Tory claims about their performance on carbon emissions need to be taken with a pinch of salt argues Steve Burgess.

Over the last few weeks it appears that Tory politicians are being instructed by Party HQ to go on the attack over climate breakdown. Cue the issuing of standard images and graphs showing UK carbon emissions going down more rapidly than in some other developed nations.

So what’s the story? Are the Tories secretly the saviours of the planet?

Let’s start with the positives. The climate emergency is far too important an issue to be reduced only to party politics. To the extent that the UK’s carbon profile has changed under the current government that is welcome. There are, of course, some Tories who are genuinely committed to progressive policies on climate and other environmental priorities. More power to their elbows, I believe, especially as the party, more than any others (given the demise of UKIP) also offers safe haven for the most absurd type of climate sceptic, right up to former chancellors. So it is important that climate progressives within the Conservatives win out.

But part of the issue is context. The sharing of standard Tory Party HQ messaging on carbon emissions has, most recently, been in response to the growing number of climate strikes by young people. “Look” the Tories seem to be saying “All you kids should be staying put in school; look at how well we are doing. Leave it with us. We know best”. As a strategy, it is haughty at best, patronising and cloth-eared at worst.

But it is more than context. It’s a misleading message in three ways.

The first issue is that the UK is not on track to meet its legal obligations. The most recent report by the Committee on Climate Change in 2018, chaired by former Conservative minister John Gummer, says, quite starkly, that the UK Government is not on target to meet its own legally-binding targets. Significant progress on energy generation and waste have not been matched by similar ambition on transport and agriculture. And, remember, those legally-binding targets do not even reflect the latest climate science and the stark warnings from the IPCC last autumn that we have only until 2030 to act decisively. So, to say that the UK is ahead of other nations, even at face value, is to acknowledge failure; just not failing as badly as others.

The second issue is that the kinds of achievements highlighted by the Committee report are long-term changes and are shared across nations within the UK. So, decarbonising the grid, for example, did not just start in 2010 – indeed some policies since 2010 have undermined energy production goals, for example, removing feed-in tariffs to support development of solar energy and, more recently support for fracking and, astonishingly, encouraging new oil and coal exploration. Within the UK, the contribution of Scotland to emissions reduction is significant with the latest data showing 11% reduction and an average of 5% per year since 2009, compared to 5% and 3.1% respectively for the UK as a whole. In others words, Scotland has been out in front on carbon reduction within the UK – although even Scotland too needs to do far more to prevent climate breakdown.

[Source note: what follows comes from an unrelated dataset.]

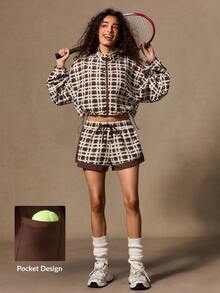 VARSIVA Women's Plaid Casual Versatile Daily Travel Sports Shorts - Multicolor - View 10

The third issue is that it depends on what is being measured. Measuring production of greenhouse gas emissions captures the sheer extent of de-industrialisation in the UK over the last 40 years (27 of which saw Tories in power, of course). Those polluting industries have not stopped polluting; they are just doing it in other places such as China. Looking at carbon emissions by consumption throws up a very different picture with the massive carbon overhead of imports to the UK from cheaply-manufactured goods much less flattering. So, to take one example, greenhouse gas emissions associated with imports from China are 242% higher than 20 years ago. As Professor Kevin Anderson of Manchester University puts it: “If you ignore rising emissions from aviation and shipping along with those related to the UK’s imports and exports, a chirpy yarn can be told.”

And the climate crisis should not be the place for Tory yarns. Last year Sir David Attenborough said: “Right now, we are facing a man-made disaster of global scale. Our greatest threat in thousands of years. Climate change. If we don’t take action, the collapse of our civilisations and the extinction of much of the natural world is on the horizon.”.

A challenge of this scale deserves more than misleading league tables and cheap graphics designed to poke fun at worried school pupils.

Dr Steve Burgess was previously an MRC Research fellow at the University of Edinburgh and has been a Green councillor since 2007.